I am converting thousands of pandas dataframes with a complex data structure in one column to parquet files. The data used to generate the complex field in the dataframe comes in as a JSON string, which is decoded to a dictionary. The dictionary is like the following:
dict = {"a": [[5, 3, False], [1, 1, True]],
"b": [[4, 2, True]],
"c": [[34, 3, True], [37, 2, False]]
...
}
The innermost list (let's call it a struct) always has the same structure, and there are an arbitrary number of these structs in each value in the dictionary. The dictionary also has an arbitrary number of key:value pairs, which we don't know in advance (the number or the keys).

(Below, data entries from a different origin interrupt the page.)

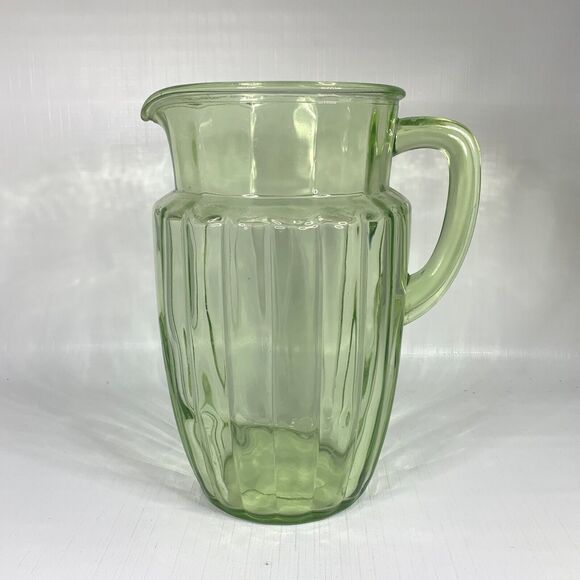 Princess Green Uranium 60oz Pitcher Anchor Hocking Depression Glass Vintage 30s - Picture 2 of 6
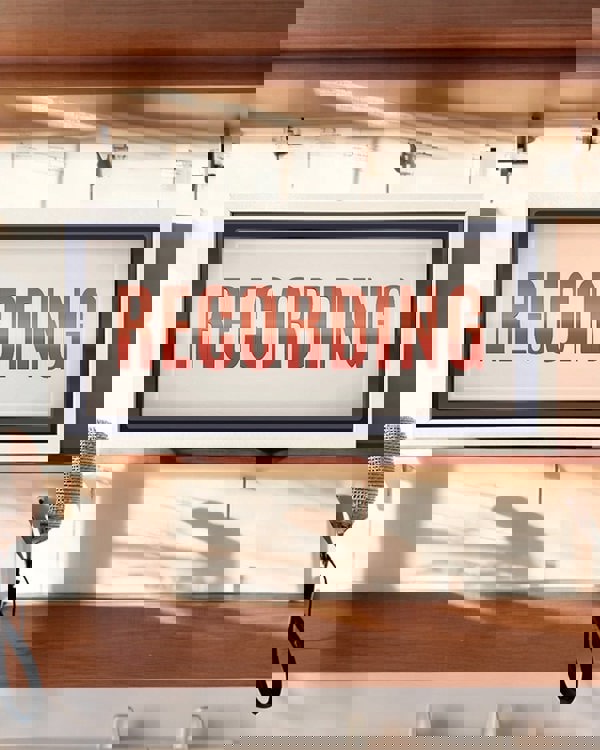 Framed Wall Art Print - Retro Recording Studio Sign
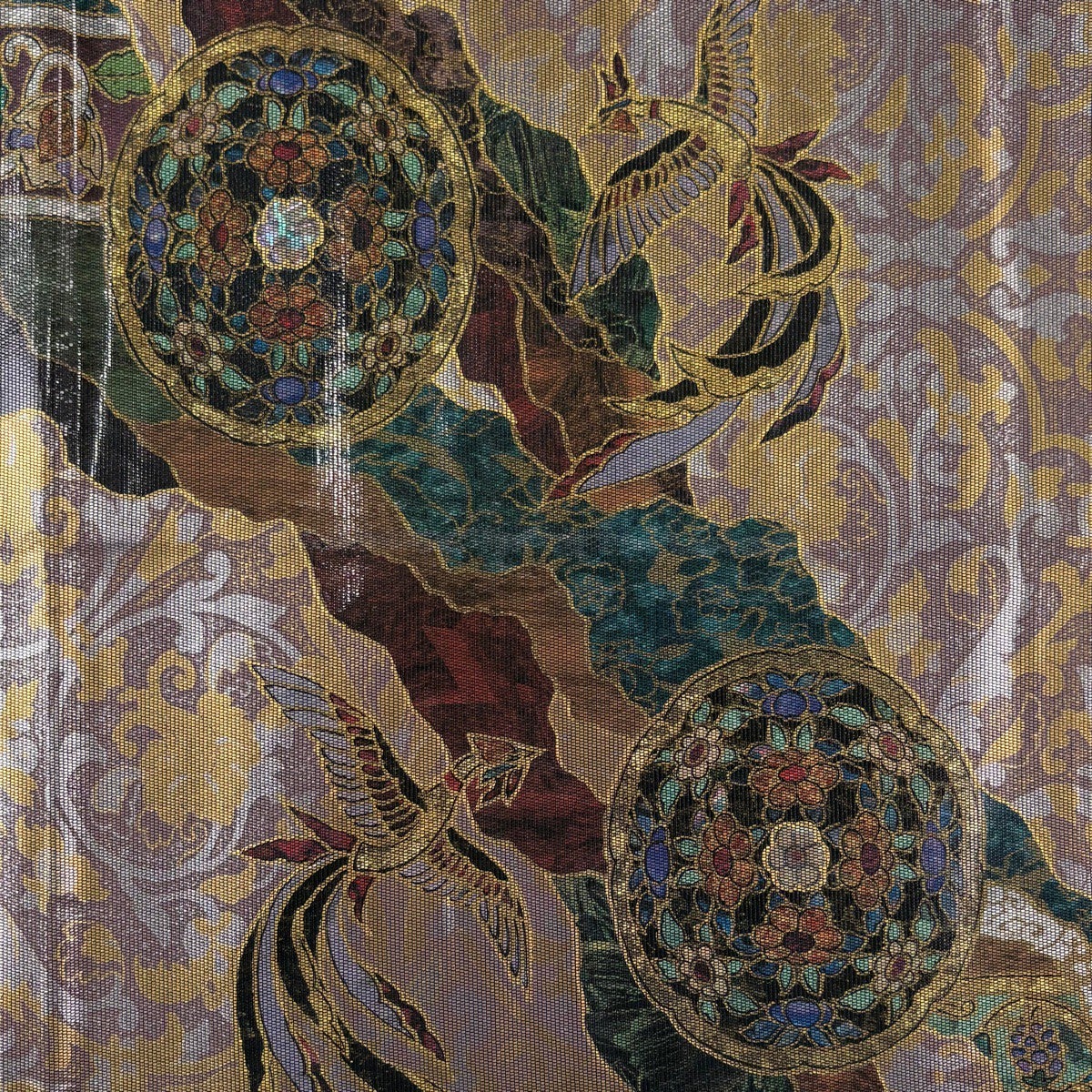 袋帯 秀品 鳳凰 花唐草 箔 金銀彩 灰茶 お太鼓柄 正絹｜中古・古着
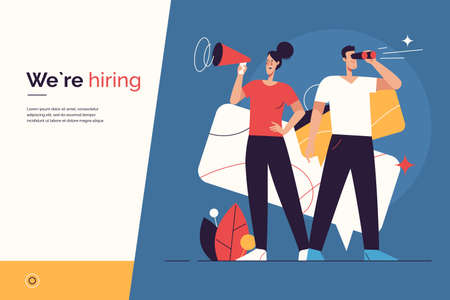 Vector illustration on the subject of hiring, new employees recruiting, announcement and promotion. Editable strokeのイラスト素材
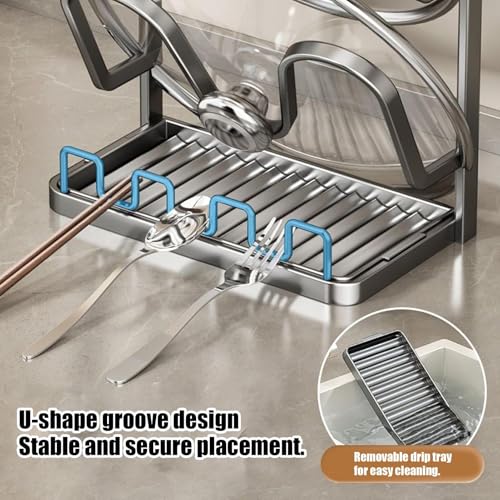 Support de couvercle de poêle stable avec plateau pour éviter les taches sur la table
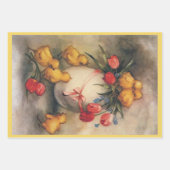 Oude Paaskuikens, Ei met Rode Tulp Bloemen Inpakpapier Vel (Voorkant)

I have created a UDT in pyarrow that matches the structure of these elements like so:
udt = pa.struct([
pa.field('subfield1', pa.int64()),
pa.field('subfield2', pa.int64()),
pa.field('subfield3', pa.bool_())
])
The schema for the parquet file is then defined something like the following:
schema = pa.schema([
pa.field('field1', pa.string()),
pa.field('field2', pa.int64()),
pa.field('field3', pa.map_(pa.string(), pa.list_(udt))
])
Where 'field3' is the map that stores the dictionary whose values are UDT structs.
The problem is that pyarrow expects the map type as a tuple of tuple pairs, the list type as a tuple, and the struct as a tuple. So I have to convert the JSON dictionary representation to the following:
(
("a", ((5, 3, False), (1, 1, True)),
("b", ((4, 2, True)),
("c", ((34, 3, True), (37, 2, False))
)
Effectively, I am changing every list to a tuple and casting the dictionary as an n-tuple of tuple pairs. I have to mutate every dictionary to this format, and then stuff this data construct back into the dataframe in order to convert it to a parquet file. I have a simple function to make this transformation (and edit one of the values on the fly), but it's inefficient to the point that I can't use it for my purposes. The function is the following:
def fun(dict_obj):
for subfield, struct in dict_obj.items():
for i, data in enumerate(struct):
data[0] -= 1 # This is an integer that changes value in production
array[i] = tuple(data)
return tuple([(k, tuple(v)) for k, v in obj.items()])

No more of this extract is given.